Quello che ti regala un viaggio non è l’obiettivo di una meta, ma quello che sei diventato durante il tragitto. Penso che lo sport sia uno dei più bei viaggi da intraprendere nella vita perché quello che ti regala non ha prezzo: la felicità nel movimento, lo sfogo nella fatica, l’adrenalina della competizione, la gioia della vittoria, il dolore della sconfitta, sono tutte cose che ci insegnano virtù come la costanza, la caparbietà, la risolutezza e la determinazione. Nello sport come nella vita.

Sono nato a Bologna nel 1984 ed ho sempre praticato sport come nuoto, basket e calcio sin da piccolo. Ho praticato calcio a 11 a livello agonistico fino a 18 anni per poi dedicarmi ad altri sport a livello amatoriale: tennis, thai boxe e body building. Sfegatato tifoso di Rossi e appassionato di motociclismo.

Nell’ambito di un impiego nei centri estivi scolastici, ho conosciuto l’hip-hop e la break dance, passioni che ho coltivato per 4 anni facendo diverse esibizioni e gestendo corsi (come istruttore) per la polisportiva Energym di Bologna. Nello stesso periodo conseguivo la laurea magistrale in Economia e Finanza.

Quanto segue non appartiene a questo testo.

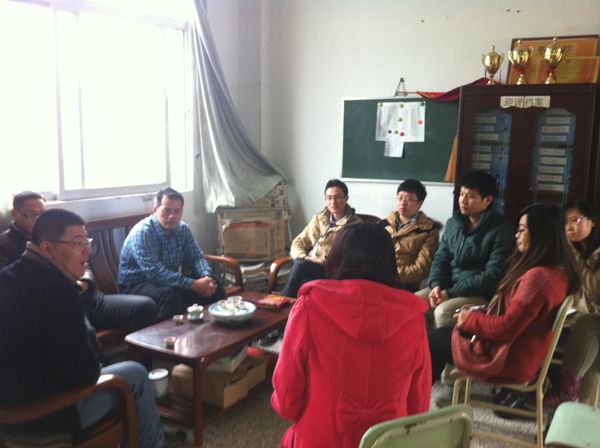 财金系全体教师参与研讨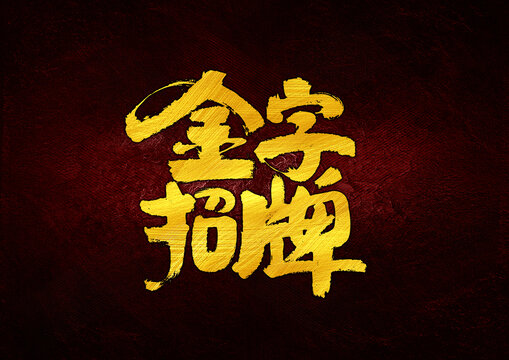 金字招牌字體設(shè)計
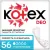 Ежедневные прокладки "Super Slim Deo" (56 шт.)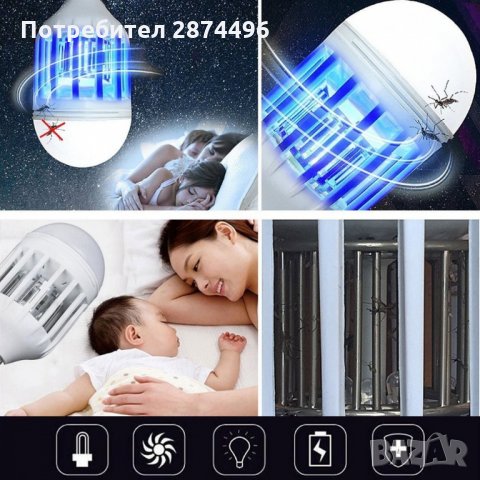 1906 Крушка Против Комари ZAPP LIGHT, UV лампа, снимка 3 - Други стоки за дома - 34911593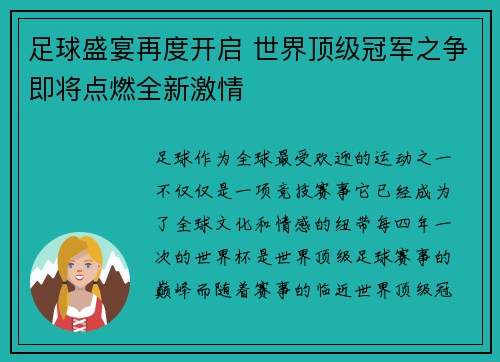 足球盛宴再度开启 世界顶级冠军之争即将点燃全新激情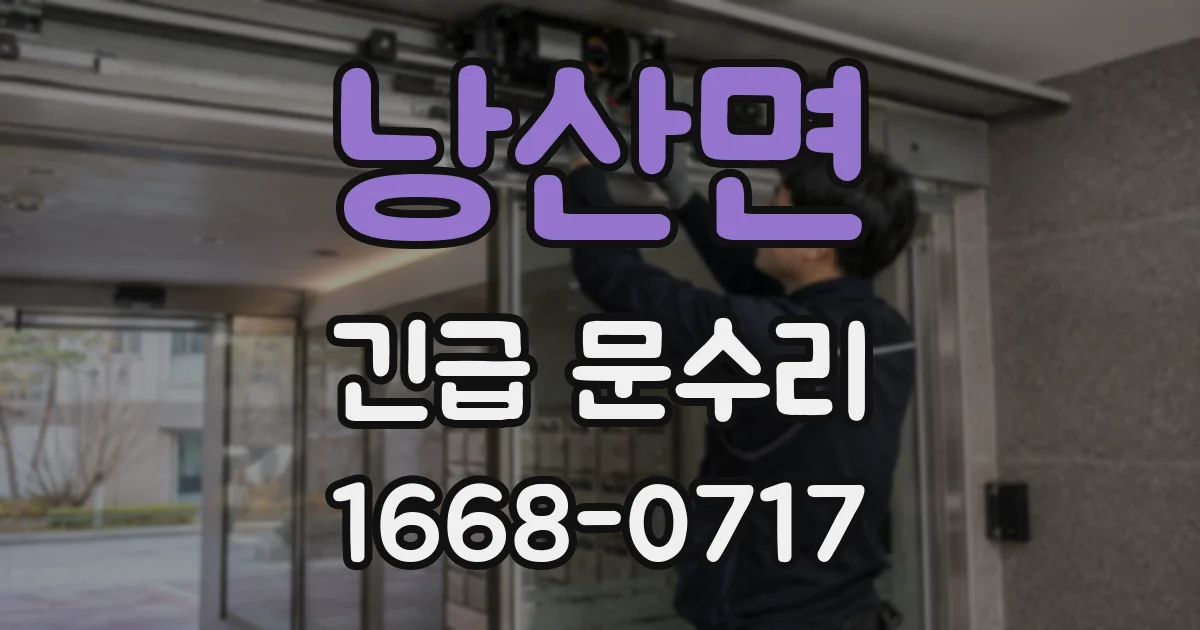 낭산면 긴급 문수리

Spinto da un amico a provare CrossFit, ho fatto la mia prima esperienza nel 2015 e ne sono subito stato rapito. Un agglomerato di discipline, dinamismo, potenza, velocità e tecnica che ti mette davanti ad una vastissima gamma di movimenti e skill da acquisire e padroneggiare. Una pura sfida con se stessi.

Dopo due anni di allenamento ho conseguito il Level 1 CrossFit Certificate e subito dopo lo Scaling Course Certificate, i quali mi hanno dato la possibilità di diventare coach e seguire classi. Coltivo quotidianamente questa passione insegnando, allenandomi e mettendomi alla prova con delle competizioni.

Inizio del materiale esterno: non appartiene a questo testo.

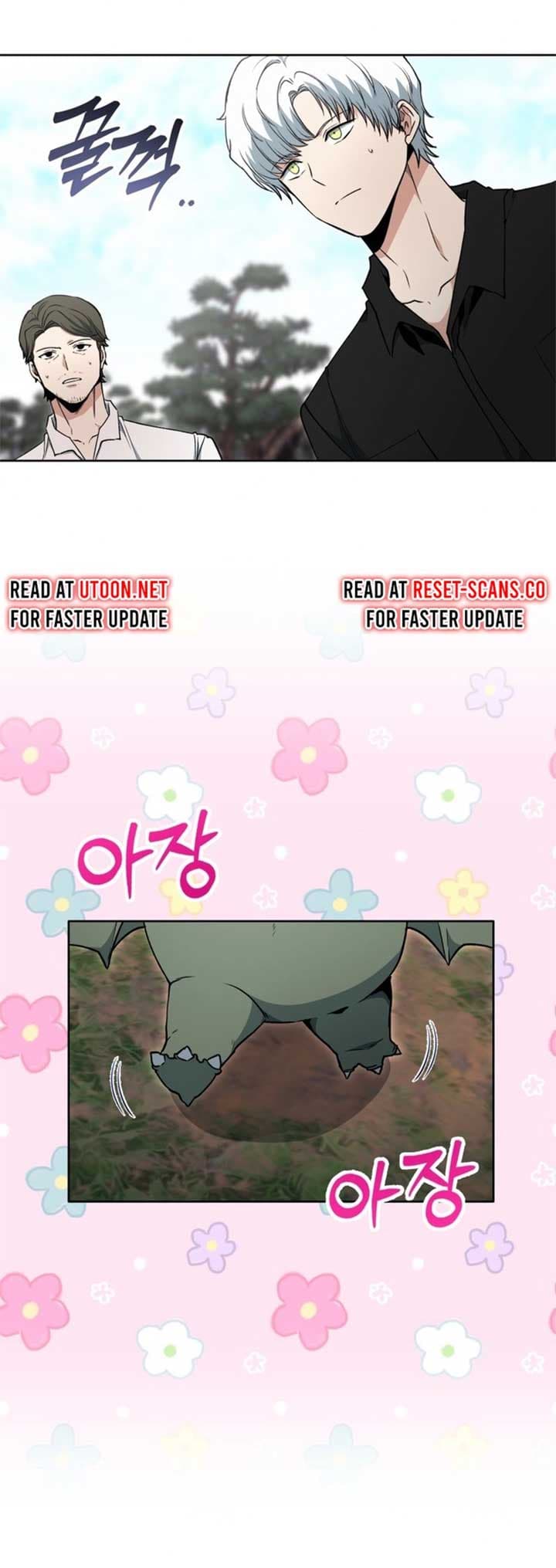 Page https://readmanhwaverse.com/images/winterbell/chapter-19/ch_19_4.jpg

Questo sport oltre ad avermi cambiato fisicamente mi ha regalato amici e colleghi che, nel tempo, sono diventati una vera e propria famiglia. Nel CrossFit come in nessun altro sport si forgiano legami nella fatica e nel sudore, si condividono piccoli ma importanti traguardi quotidiani fatti di “one more rep”. Il perché questi legami siano così forti è forse il mistero più affascinante di questo fantastico sport che fa della community il proprio pilastro.